* Work required
Within the data below, state how many lines contain the string "Azure". Provide the number only.

* Supplied data
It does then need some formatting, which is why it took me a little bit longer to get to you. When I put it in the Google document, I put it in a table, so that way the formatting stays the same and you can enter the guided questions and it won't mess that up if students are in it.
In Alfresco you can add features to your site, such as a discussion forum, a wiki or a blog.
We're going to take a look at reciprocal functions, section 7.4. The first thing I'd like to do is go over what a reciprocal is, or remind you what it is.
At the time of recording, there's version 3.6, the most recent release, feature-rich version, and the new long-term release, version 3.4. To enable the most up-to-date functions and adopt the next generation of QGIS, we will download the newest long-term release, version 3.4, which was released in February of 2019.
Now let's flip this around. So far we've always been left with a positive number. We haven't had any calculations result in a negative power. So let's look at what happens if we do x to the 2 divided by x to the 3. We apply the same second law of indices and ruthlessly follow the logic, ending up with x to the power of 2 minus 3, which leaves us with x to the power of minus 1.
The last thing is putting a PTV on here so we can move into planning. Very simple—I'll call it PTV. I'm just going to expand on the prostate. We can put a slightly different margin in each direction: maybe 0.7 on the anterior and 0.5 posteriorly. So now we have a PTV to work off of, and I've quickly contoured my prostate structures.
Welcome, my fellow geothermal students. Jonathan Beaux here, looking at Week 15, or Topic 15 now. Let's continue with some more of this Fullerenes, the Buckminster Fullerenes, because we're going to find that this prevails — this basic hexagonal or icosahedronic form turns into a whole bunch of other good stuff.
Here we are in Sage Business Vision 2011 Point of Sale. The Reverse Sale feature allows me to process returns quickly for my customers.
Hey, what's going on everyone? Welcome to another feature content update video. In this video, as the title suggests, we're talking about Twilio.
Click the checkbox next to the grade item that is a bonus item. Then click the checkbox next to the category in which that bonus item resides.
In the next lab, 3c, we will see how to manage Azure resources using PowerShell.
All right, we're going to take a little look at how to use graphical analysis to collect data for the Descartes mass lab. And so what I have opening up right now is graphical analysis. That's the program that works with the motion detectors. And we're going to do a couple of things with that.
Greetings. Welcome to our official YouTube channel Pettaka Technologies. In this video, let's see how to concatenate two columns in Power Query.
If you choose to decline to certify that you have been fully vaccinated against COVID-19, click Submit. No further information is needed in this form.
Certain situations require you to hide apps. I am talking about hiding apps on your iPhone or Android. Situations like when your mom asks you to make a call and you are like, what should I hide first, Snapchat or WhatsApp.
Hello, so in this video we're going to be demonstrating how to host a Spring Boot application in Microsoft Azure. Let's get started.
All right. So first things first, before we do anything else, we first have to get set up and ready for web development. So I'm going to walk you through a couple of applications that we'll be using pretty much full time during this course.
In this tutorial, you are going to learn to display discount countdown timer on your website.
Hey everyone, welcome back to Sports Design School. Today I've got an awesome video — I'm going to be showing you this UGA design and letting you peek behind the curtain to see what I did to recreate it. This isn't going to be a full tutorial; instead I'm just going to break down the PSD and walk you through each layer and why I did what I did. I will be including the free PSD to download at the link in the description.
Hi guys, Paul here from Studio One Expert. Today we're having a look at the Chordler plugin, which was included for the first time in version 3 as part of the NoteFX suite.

* Written answer
2